Violences et échauffourées La vente de la Swatch «Royal Pop» tourne au chaos

Basile Mermoud

16.5.2026

Échauffourées, interventions policières, violence et fermetures inopinées de boutiques: une opération de vente d'une collection spéciale de montres Swatch créées en collaboration avec l'horloger de luxe Audemars Piguet a tourné au chaos samedi en France et en Europe.

L'opération, très suivie, propose à la vente des montres issues d'une collaboration entre les horlogers suisses Swatch et Audemars Piguet.
L'opération, très suivie, propose à la vente des montres issues d'une collaboration entre les horlogers suisses Swatch et Audemars Piguet.
AFP

Agence France-Presse

La vente de montres «Royal Pop» issues de la collaboration entre les deux groupes suisses a attiré les foules. De longues queues de plusieurs centaines de personnes se sont formées dans la nuit dans de nombreuses villes, et des tensions ont émergé, la sécurité des magasins se trouvant débordée.

Selon une source policière, quelque 300 personnes venues avant l'ouverture du magasin Swatch du centre commercial Westfield Parly 2, en région parisienne, pour la vente des montres «Royal Pop», ont été dispersées par la police à l'aide de gaz lacrymogène samedi.

Un rideau métallique et deux portiques de sécurité ont été endommagés, et des policiers et agents de sécurité ont été pris à partie, selon cette source. La vente a été annulée sans communication de date de report de l'opération, «le dispositif de sécurité ayant été sous-évalué par les organisateurs», selon la même source.

Swatch, joint par l'AFP, s'est refusé à tout commentaire.
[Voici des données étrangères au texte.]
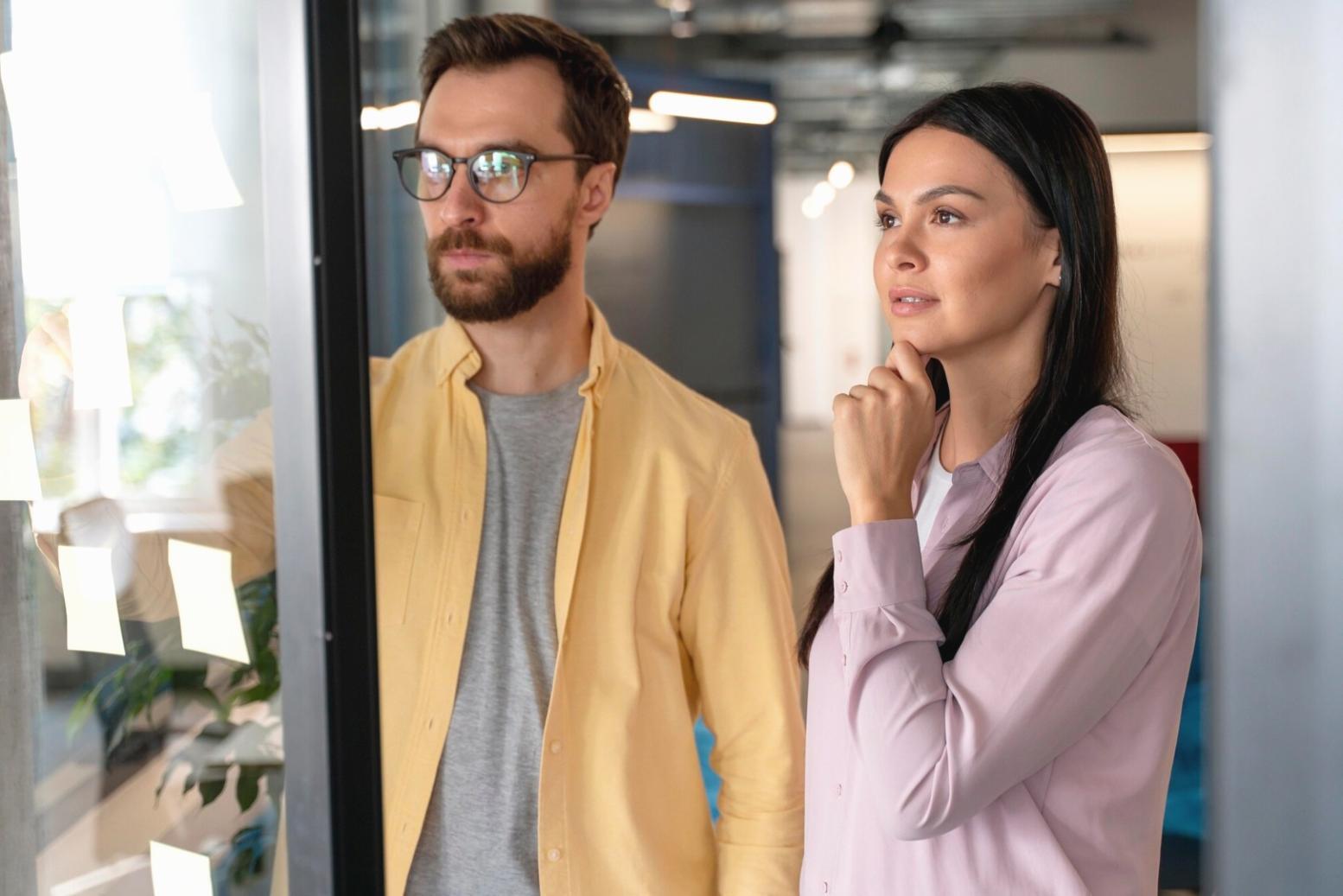 Proses kerja pemodelan skenario keuangan yang sistematis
Sur son compte Instagram, Swatch France indique simplement qu'en raison de «considérations de sécurité publique», ses magasins de Parly 2, Lyon, Deauville, Rennes, Lille, Saint-Tropez et Montpellier resteront fermés aujourd'hui.

A Lille, «au moins quatre» personnes ont indiqué aux équipes municipales qu’elles allaient porter plainte, disant avoir «subi des coups de poing dans la file d'attente» samedi, a assuré à l'AFP Maroin Al Dandachi, adjoint au maire en charge du Vieux-Lille.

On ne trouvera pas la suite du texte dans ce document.